Узнай Углов о мытарствах и переживаниях заслуженного председателя раньше, пойми их причины, улови несложную последовательность событий, не пришлось бы ему блуждать среди нагромождения собственных предположений, каждое из которых принималось как самое значительное, самое разумное. Голова разламывалась от невообразимой путаницы, где Ларин переставал быть просто Лариным, Улыбин глупел на глазах, а у Дягилева скоропалительно вырастали крылышки ангела, и он весь наливался бывалой положительностью. Сзади, как в темноте неубранных кулис, вдруг объявились улыбчивые очевидцы, моложавые представители райкома, геометрический Петруша. Десять дней, прожитых среди этих людей, ничего не прояснили. Максим лишь переступил порог их мира, где ничего не видно отчетливо, а есть лишь очертания, приблизительные ощущения, смутные доводы.

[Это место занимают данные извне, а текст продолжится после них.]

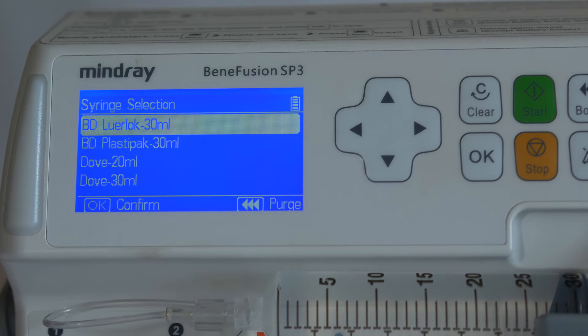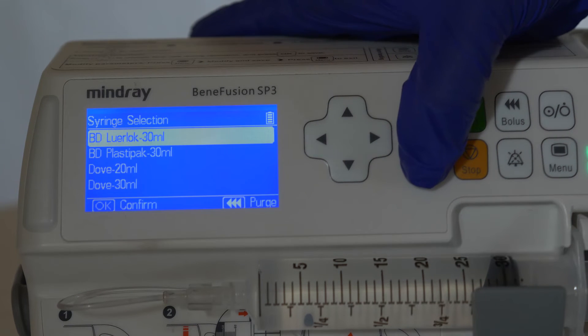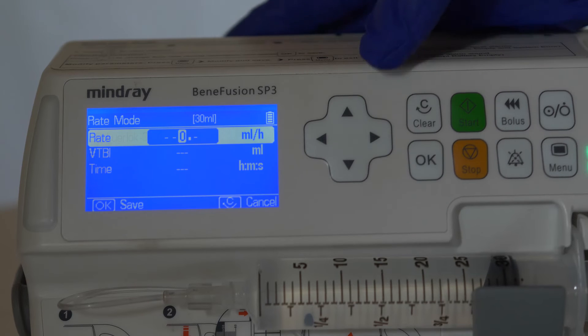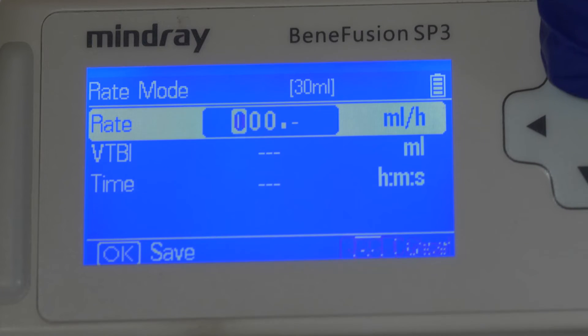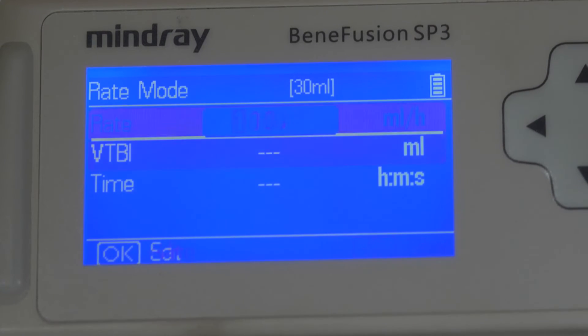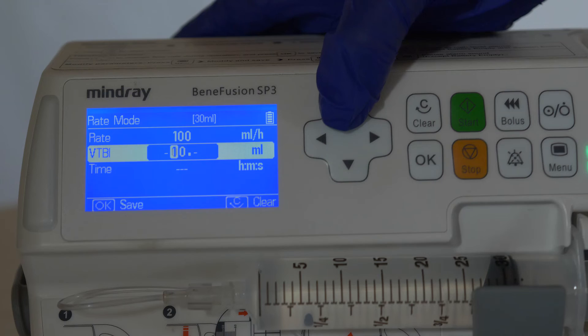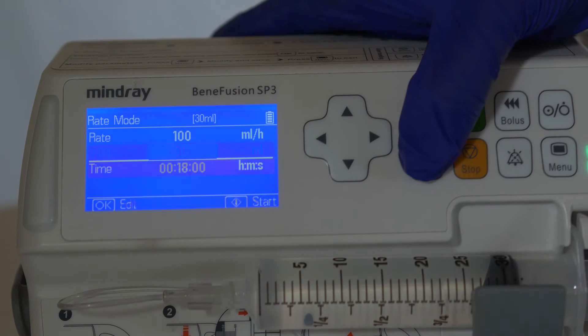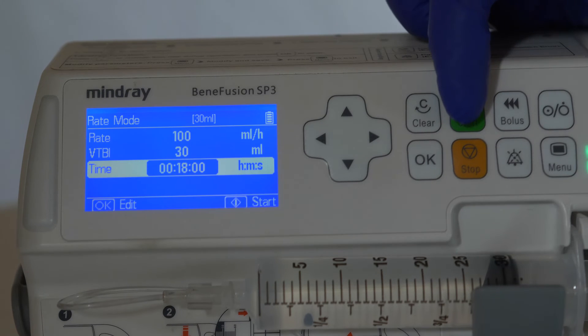The device will auto-detect the syringe size. Use the arrows to navigate to the correct syringe brand. Press start to begin the infusion.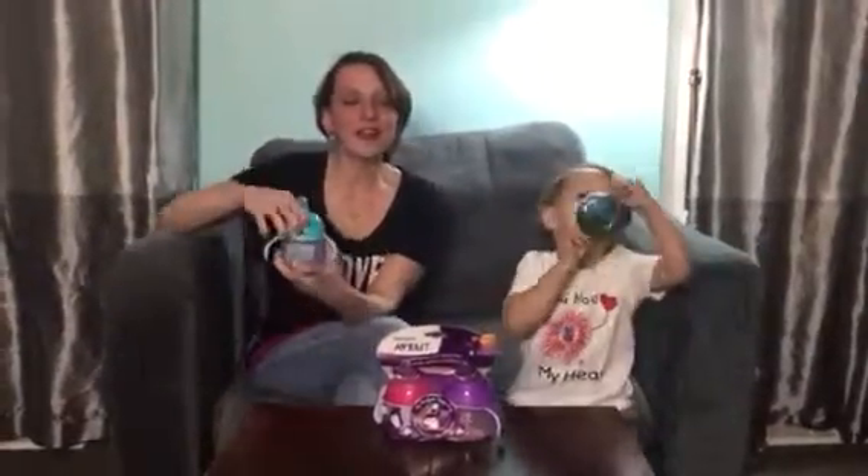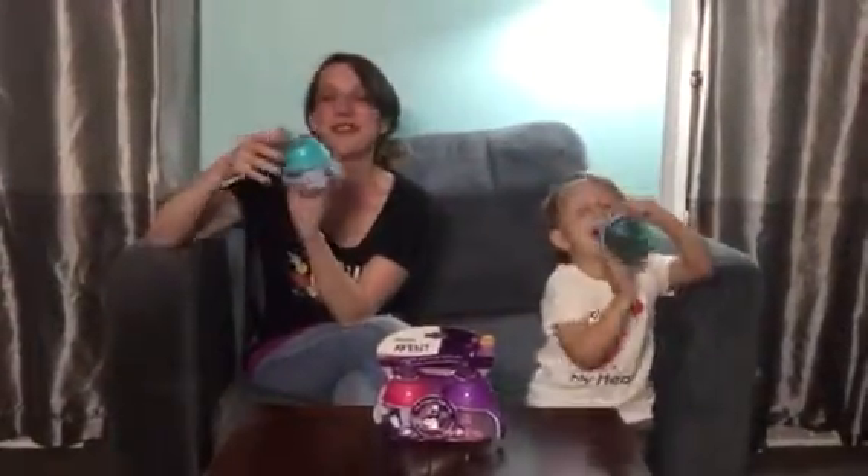Hi everybody! We are here talking about the Phillips Avent Sippy Cups. These are cute little penguin sippy cups that your child is absolutely going to love. These are for ages six months and up.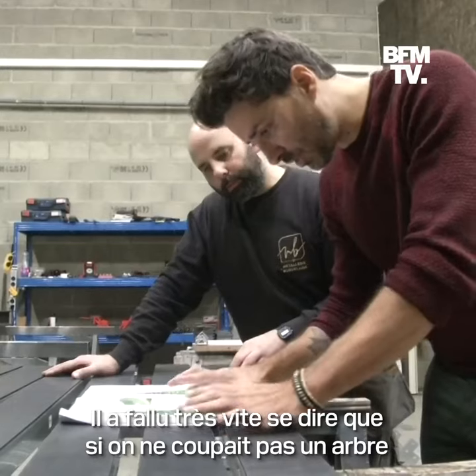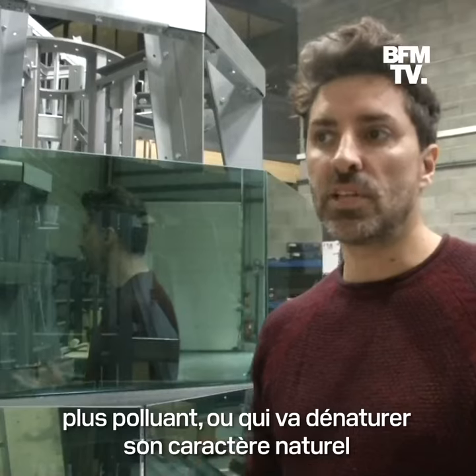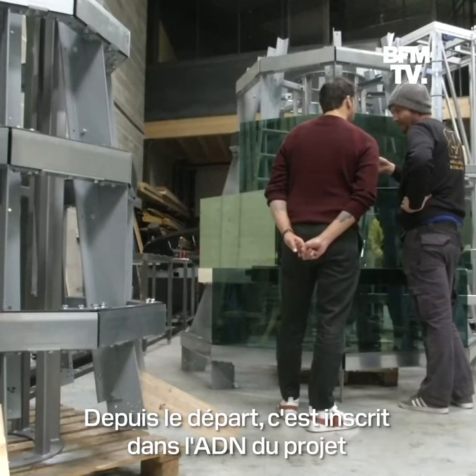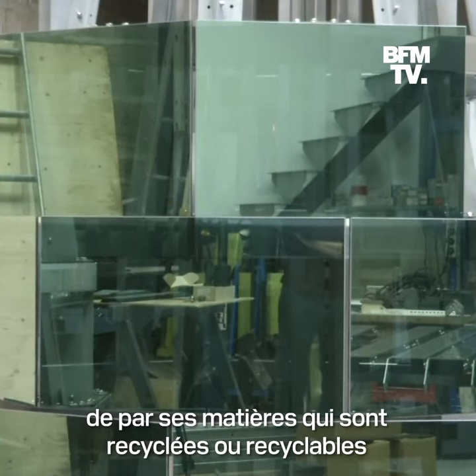It has to quickly say that if we don't cut an arbre, we don't need to supplant it by something that is also polluted, or that will alter its natural caractere. So since the beginning and the conception of the project, it has to be an ADN — an art that is a permanent and ecological work, by these recycled materials.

Ларин сделал несколько ничего не значащих шагов по кабинету с единственным желанием сосредоточиться. В закрытое окно бестолково долбилась шальная оса.
— Дура ты, дура, — ласково бормочет Ларин, — тычешься, тычешься, и никто тебе не подскажет, где она, твоя воля. — Севостьян Тимофеевич толкнул створки, окно мягко отворилось. Воздуха сразу стало больше, бумаги на столе зашевелились.
Ларин мельком глянул на мятые синьки, затем на злополучный телефонный аппарат, утвердительно чему-то кивнул и снял трубку:
— Алло! Алло! Это ктой-то, Шура?
— Нина, Севостьян Тимофеич.
— Ан, Нина. Ну ладно, будь Ниной. Вот что, недотрога моя, соедини-ка меня с Дягилевым… Алло, алло, Андреич! Здравствуй, милый. Чего ж ты в конторе зад нагуливаешь, по такому времени в поле быть.
— А ты, Тимофеич, чай, тоже не из шалаша звонишь?
— Я что-о. Мне положено, у меня дожж.
— И сильный?
— Да нет, похулиганил и к тебе побег. Скажи-ка лучше, у тебя картофель-то принимают?
— Берут с натугой.
— Ишь ты, с натугой. А кирпич на мастерские тебе отгрузили?